Throughout the summer, reports of isolated skirmishes between the Aleuts and the handful of Cossack survivors holed up on Umnak Island reached their village. But a sense of peace pervaded the islands as they resumed their old way of life, rid of the Cossack oppression.

When the berries were ripe and the whales were coming into the bays, more than once Tasha looked at her small son and remembered this was the time when the Cossacks usually left to return to their land across the sea.

The sails of a Cossack boat were sighted off Unalaska Island. Apprehensive that the boat might belong to Andrei, Tasha urged her brother to learn who these Cossacks were and where they landed. Walks Straight went with the small scouting party sent to observe the strength of the Cossacks.

Many of the Cossacks’ firearms were in Aleut hands; but the hundred or so muskets and pistols were widely scattered among the warriors on the various islands in the group, and their supply of ammunition was low. Even though they possessed some Cossack weapons, the Aleuts weren’t able to mount an offensive against a large body of them. They realized they would have to allow the Cossacks to land on their island if that was their intention.

The scouting party located the Cossack vessel at anchor in one of the bays. “Look.” Killer Whale directed their attention to some men moving around on deck. “There is Solovey.”

“Who is Solovey?” Walks Straight questioned.

“A Cossack who brought his men to our island once before to hunt and collect tribute.”

After studying the vessel and its men a while longer, Walks Straight announced, “We should talk to them.”

They went down to the beach and waved to the Cossacks on board to come ashore. Soon men were dispatched to the beach in a wooden boat. Killer Whale pointed out Solovey to Walks Straight. The tall, bulky dark-bearded man with the big hooked nose sat in the front of the boat. His eyes appeared hard and wise. When he stepped onto the sand, the Cossack Solovey greeted Killer Whale first, then gave them all gifts of tobacco.

“You are brave to come to this island, Solovey.” When Walks Straight spoke to him in the Cossacks’ tongue, the man turned sharply to face him.

“Brave?” One thick brush eyebrow was arched higher than the other. “Why do you say that?”

“Have you seen any Cossack boats?”

“No.”

“You will find none here,” Walks Straight informed him. “We have destroyed all the Cossack boats on Unalaska, Umnak, and the Islands of Four Mountains.” He observed the blood drain from Solovey’s face, then rush back to redden it.

“How have you destroyed them?” he demanded.

“Some were cast onto the shore and broken on the rocks. Others we burned.”

“Where are the men from these ships?”

“We killed them.”

Solovey stared at him in disbelief. “How did you kill them?”

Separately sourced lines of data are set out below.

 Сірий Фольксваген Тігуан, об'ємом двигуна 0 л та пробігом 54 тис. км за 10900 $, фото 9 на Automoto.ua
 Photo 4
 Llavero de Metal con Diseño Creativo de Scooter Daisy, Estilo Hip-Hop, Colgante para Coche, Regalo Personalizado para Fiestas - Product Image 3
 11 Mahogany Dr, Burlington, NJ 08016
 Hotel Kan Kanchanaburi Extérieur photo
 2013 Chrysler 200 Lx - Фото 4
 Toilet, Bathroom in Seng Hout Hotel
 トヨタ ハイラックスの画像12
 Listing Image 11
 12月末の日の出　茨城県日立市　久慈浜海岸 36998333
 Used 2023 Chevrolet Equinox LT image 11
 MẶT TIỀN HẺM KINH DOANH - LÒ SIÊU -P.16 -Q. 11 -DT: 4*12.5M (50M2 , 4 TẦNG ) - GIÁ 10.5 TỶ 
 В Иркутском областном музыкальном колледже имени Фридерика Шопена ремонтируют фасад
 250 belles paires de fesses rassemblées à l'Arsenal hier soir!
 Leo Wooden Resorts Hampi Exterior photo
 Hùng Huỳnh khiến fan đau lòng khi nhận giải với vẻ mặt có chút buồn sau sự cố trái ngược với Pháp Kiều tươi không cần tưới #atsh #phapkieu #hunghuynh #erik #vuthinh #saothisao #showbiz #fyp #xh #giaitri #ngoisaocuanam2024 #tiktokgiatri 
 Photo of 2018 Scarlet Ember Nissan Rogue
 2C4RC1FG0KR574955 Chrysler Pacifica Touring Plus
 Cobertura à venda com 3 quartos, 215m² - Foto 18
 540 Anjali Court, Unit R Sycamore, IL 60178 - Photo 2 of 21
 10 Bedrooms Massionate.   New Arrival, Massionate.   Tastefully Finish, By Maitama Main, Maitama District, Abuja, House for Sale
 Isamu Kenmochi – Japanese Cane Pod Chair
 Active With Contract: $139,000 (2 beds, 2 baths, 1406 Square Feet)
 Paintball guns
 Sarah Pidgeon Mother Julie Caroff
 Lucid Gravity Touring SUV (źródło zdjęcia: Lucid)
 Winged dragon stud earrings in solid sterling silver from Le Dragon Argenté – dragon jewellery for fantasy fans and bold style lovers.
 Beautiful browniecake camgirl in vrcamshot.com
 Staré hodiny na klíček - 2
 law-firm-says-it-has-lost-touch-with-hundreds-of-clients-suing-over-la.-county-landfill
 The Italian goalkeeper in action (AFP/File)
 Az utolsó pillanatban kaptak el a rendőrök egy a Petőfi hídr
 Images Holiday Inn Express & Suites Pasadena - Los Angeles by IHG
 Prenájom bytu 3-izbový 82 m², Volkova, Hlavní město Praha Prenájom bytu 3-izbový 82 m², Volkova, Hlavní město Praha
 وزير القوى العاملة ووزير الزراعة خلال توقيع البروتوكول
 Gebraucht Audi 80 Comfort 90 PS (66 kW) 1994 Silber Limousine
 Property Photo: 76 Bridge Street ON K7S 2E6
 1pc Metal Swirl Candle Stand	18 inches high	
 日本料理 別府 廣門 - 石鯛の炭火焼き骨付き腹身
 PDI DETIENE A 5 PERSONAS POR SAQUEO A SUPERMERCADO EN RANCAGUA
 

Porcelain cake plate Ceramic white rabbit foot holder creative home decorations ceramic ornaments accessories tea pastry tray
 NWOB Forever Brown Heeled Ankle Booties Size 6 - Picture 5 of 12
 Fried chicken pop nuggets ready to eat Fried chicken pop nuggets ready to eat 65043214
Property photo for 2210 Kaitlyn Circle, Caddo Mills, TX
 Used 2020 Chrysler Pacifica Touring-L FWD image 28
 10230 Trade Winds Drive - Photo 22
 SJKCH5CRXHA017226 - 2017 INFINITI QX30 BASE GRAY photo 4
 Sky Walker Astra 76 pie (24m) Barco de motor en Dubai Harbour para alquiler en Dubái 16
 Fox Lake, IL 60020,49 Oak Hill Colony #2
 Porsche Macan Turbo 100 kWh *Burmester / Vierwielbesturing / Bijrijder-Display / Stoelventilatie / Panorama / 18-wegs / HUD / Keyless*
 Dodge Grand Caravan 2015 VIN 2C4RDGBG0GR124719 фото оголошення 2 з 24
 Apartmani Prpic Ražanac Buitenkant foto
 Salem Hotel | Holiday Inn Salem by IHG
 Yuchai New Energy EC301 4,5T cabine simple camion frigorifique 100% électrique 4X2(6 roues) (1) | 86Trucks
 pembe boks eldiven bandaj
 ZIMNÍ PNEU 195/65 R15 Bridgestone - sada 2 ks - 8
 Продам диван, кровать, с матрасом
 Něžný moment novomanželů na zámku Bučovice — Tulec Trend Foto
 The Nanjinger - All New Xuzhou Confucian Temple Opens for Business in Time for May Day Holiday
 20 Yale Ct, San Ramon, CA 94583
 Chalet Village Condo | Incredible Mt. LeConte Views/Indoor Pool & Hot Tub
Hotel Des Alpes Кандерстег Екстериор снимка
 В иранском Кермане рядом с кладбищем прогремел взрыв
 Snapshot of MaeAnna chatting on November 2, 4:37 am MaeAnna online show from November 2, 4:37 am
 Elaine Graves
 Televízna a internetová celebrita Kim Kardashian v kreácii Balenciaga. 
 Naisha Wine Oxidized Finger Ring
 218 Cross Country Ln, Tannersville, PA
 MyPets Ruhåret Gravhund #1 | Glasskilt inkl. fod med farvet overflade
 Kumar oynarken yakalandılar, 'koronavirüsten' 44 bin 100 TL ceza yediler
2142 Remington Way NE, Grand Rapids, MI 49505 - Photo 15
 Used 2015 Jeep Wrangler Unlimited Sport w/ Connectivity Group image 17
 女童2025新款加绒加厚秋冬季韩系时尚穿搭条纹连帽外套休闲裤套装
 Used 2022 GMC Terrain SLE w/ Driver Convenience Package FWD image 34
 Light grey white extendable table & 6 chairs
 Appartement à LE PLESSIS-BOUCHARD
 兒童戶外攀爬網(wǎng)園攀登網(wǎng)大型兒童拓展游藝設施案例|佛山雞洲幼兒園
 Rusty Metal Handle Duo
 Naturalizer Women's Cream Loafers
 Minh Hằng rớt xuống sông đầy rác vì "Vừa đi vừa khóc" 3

Walks Straight detailed the accounts of the ambushes, telling the Cossack how the Aleuts lured his comrades into the hills, then fell on them with their knives, slicing their hamstrings so they couldn’t run, then killing them. He described the ruses used, bringing pelts to trade with strips of leather tied tightly around them so the Cossacks would have to use their knives or swords to cut them and how the warriors used that moment to slit a Cossack’s throat.

Although Solovey’s face became more red with anger and he trembled, he continued to look at Walks Straight with doubt in his eyes. “Where are the bodies of the ones you claim you killed?”

Pointing to the sea, Walks Straight said, “We cut their arms and legs into pieces and threw them in the waters so there would be no more danger from them.”

Solovey swore so rapidly in the Cossack tongue that Walks Straight couldn’t understand him. Immediately, Solovey questioned the other Aleuts to verify that what Walks Straight had said was true. When they confirmed it, Walks Straight observed the man’s sudden wariness. A pistol was tucked inside his belt and the Cossacks around him were all armed with muskets, while Walks Straight and the Aleuts carried only knives. They numbered four and the Cossacks were seven. Yet Solovey looked at them like an otter assessing the closeness of danger, then he swung his glance to the rolling hills beyond the beach as if expecting to find more Aleuts hiding.